**Task directions:** All of the listing, from first line to last, should be output exactly; the pictures stay out.

**Provided material:**
►
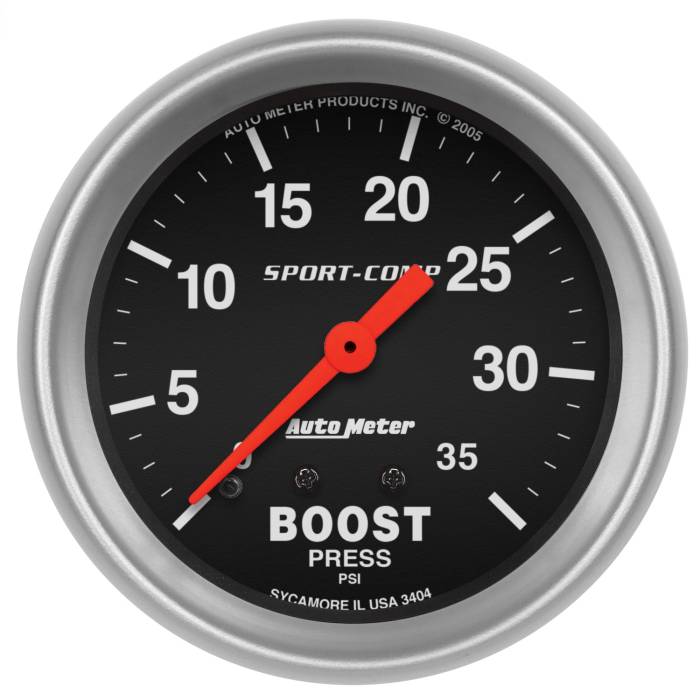 AutoMeter - AutoMeter Sport-Comp Mechanical Boost Gauge 3404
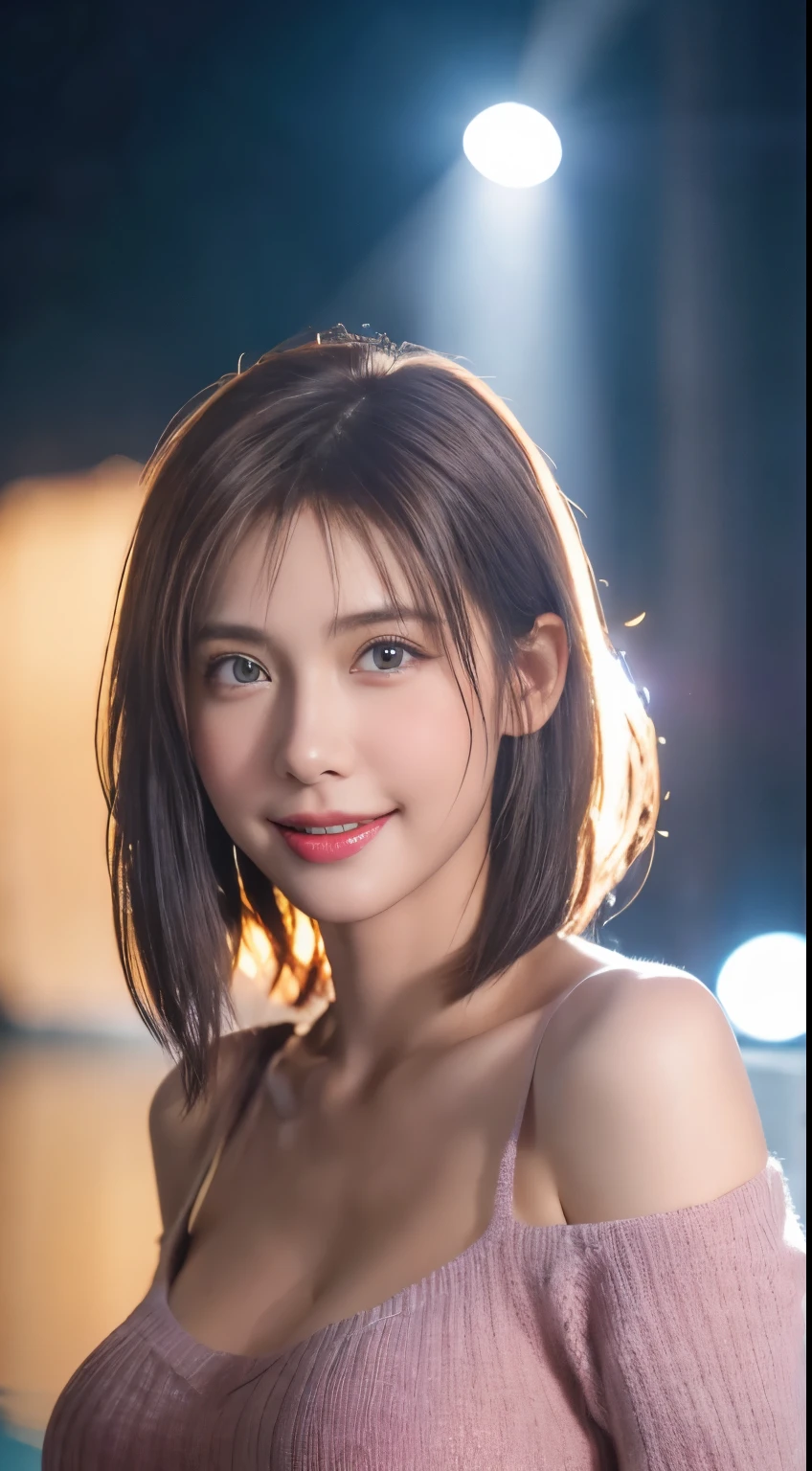 (logo, masterpiece, 8K, Tabletop, RAW Photos, wonderful, 最high quality, Photorealistic and very detailed CG composite 8k wallpaper, high quality, Very detailed, Narrative poem, Particle Effects, Dynamic Effects, Depth of the Boundary, Cinematic Light, Lens flare, Ray Tracing), short hair beautiful young woman, Hair tied back, high detail skin, very fine, fine skin texture, beautiful face, realistic eyes, beautifully detailed eyes, realistic skin, beautiful skin, surreal, smiling eyes, Hair and light eyes, Vibrant, Colorful lights and bokeh. The lighting casts a warm glow on her face and hair, Blue glow, Water surface reflection, Creates a dreamy and magical atmosphere, Big Breasts, Brown Hair, short hair, plump lower lip, pink blush on the cheeks , pink lips, brown tight no-shoulder knit sweater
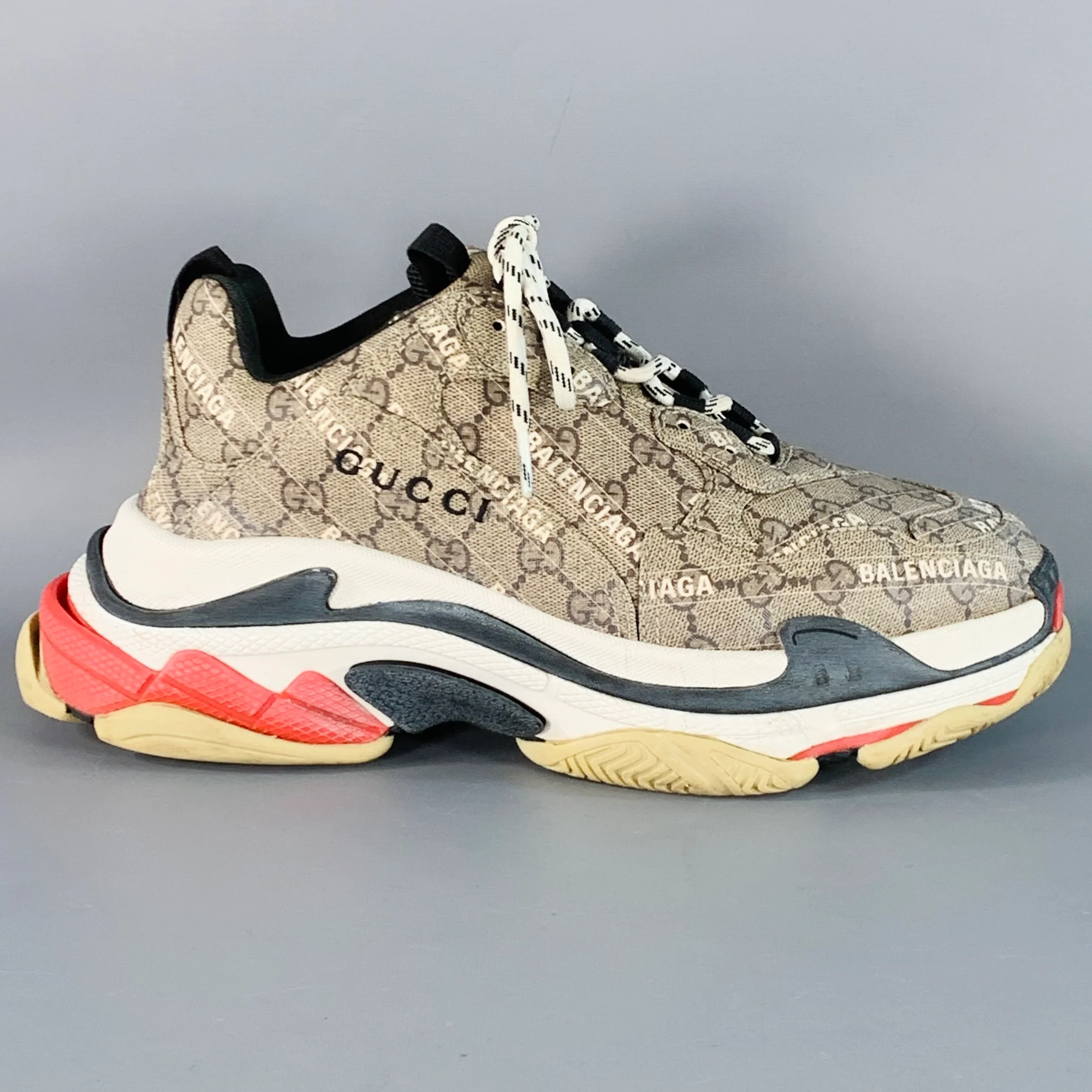 BALENCIAGA x GUCCI Size 10 Triple S Brown White Logo Chunky Sole Sneakers - Image 2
◄
**Expected answer:**
 AutoMeter - AutoMeter Sport-Comp Mechanical Boost Gauge 3404
 (logo, masterpiece, 8K, Tabletop, RAW Photos, wonderful, 最high quality, Photorealistic and very detailed CG composite 8k wallpaper, high quality, Very detailed, Narrative poem, Particle Effects, Dynamic Effects, Depth of the Boundary, Cinematic Light, Lens flare, Ray Tracing), short hair beautiful young woman, Hair tied back, high detail skin, very fine, fine skin texture, beautiful face, realistic eyes, beautifully detailed eyes, realistic skin, beautiful skin, surreal, smiling eyes, Hair and light eyes, Vibrant, Colorful lights and bokeh. The lighting casts a warm glow on her face and hair, Blue glow, Water surface reflection, Creates a dreamy and magical atmosphere, Big Breasts, Brown Hair, short hair, plump lower lip, pink blush on the cheeks , pink lips, brown tight no-shoulder knit sweater
 BALENCIAGA x GUCCI Size 10 Triple S Brown White Logo Chunky Sole Sneakers - Image 2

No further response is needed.